_Exercise brief_.
Beginning at the line containing "this 640×480 image." and continuing to the end of the records below, give each line again exactly as it stands, and only those lines.

_Given records_.
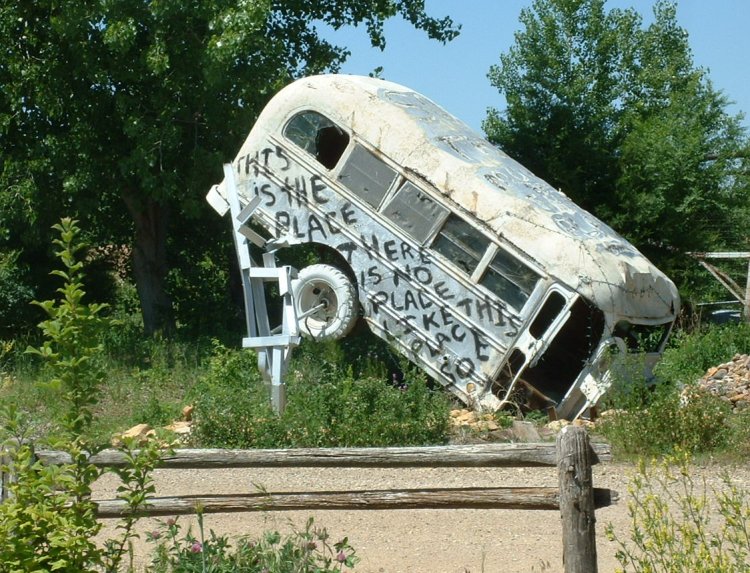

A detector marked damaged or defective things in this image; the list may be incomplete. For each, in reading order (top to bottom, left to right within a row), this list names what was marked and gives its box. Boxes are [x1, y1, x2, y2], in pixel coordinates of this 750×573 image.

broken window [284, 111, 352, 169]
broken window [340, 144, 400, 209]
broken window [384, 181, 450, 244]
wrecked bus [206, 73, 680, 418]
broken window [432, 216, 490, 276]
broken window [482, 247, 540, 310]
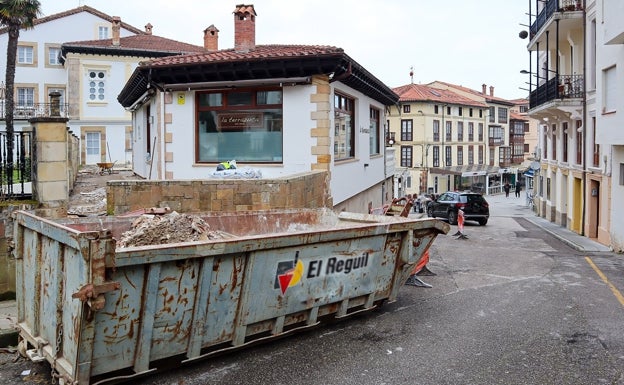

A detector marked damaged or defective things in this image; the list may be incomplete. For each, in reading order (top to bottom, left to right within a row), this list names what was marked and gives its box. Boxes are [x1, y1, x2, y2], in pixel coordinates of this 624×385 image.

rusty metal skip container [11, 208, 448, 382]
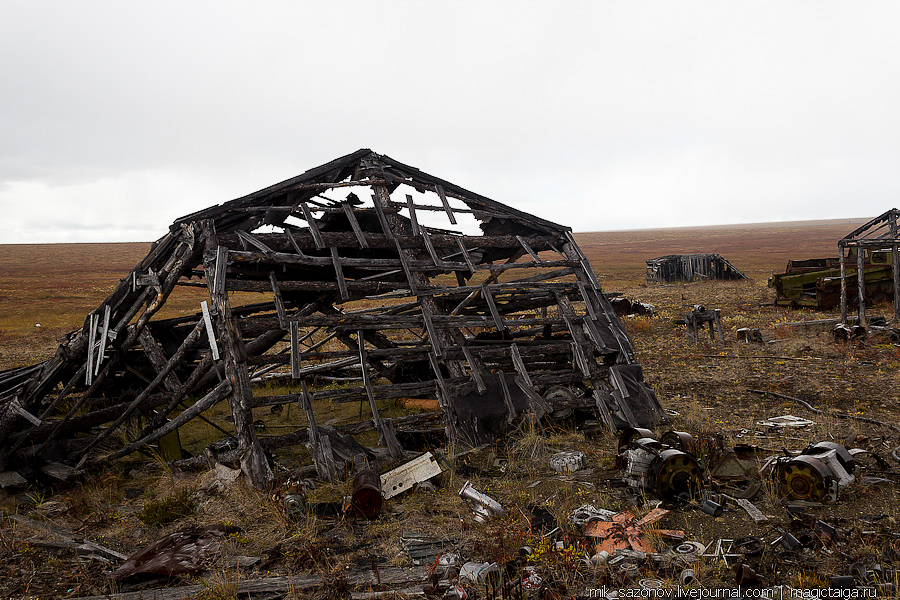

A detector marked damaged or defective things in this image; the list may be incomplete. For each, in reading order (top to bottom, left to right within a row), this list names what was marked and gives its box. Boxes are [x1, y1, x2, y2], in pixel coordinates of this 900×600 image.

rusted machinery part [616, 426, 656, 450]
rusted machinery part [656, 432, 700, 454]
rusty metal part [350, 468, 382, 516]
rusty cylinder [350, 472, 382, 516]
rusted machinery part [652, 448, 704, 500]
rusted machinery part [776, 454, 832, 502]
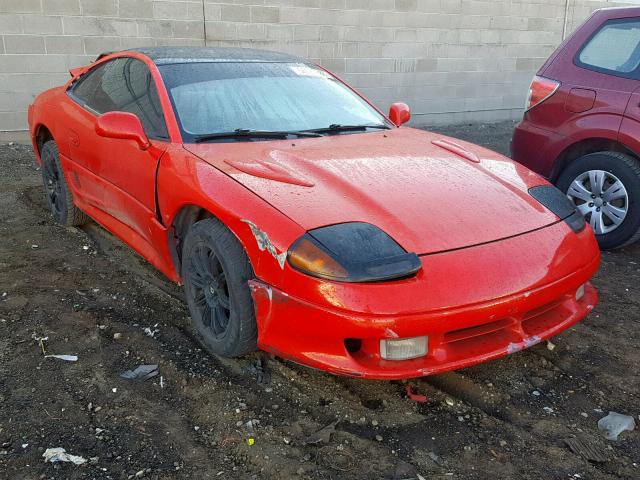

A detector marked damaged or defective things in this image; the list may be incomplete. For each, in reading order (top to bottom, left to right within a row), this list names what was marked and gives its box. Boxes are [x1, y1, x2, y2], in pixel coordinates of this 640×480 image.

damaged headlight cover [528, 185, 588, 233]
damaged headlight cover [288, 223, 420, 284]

_Response below_.
A detector marked damaged or defective things in this image; the list may be incomplete. For each, in reading order (top to bottom, left to right within a row), this list names what was marked and gives its box. Boxes are [x1, y1, x2, y2], in pixel coordinates of this 640×480 image.

damaged headlight cover [528, 185, 588, 233]
damaged headlight cover [288, 223, 420, 284]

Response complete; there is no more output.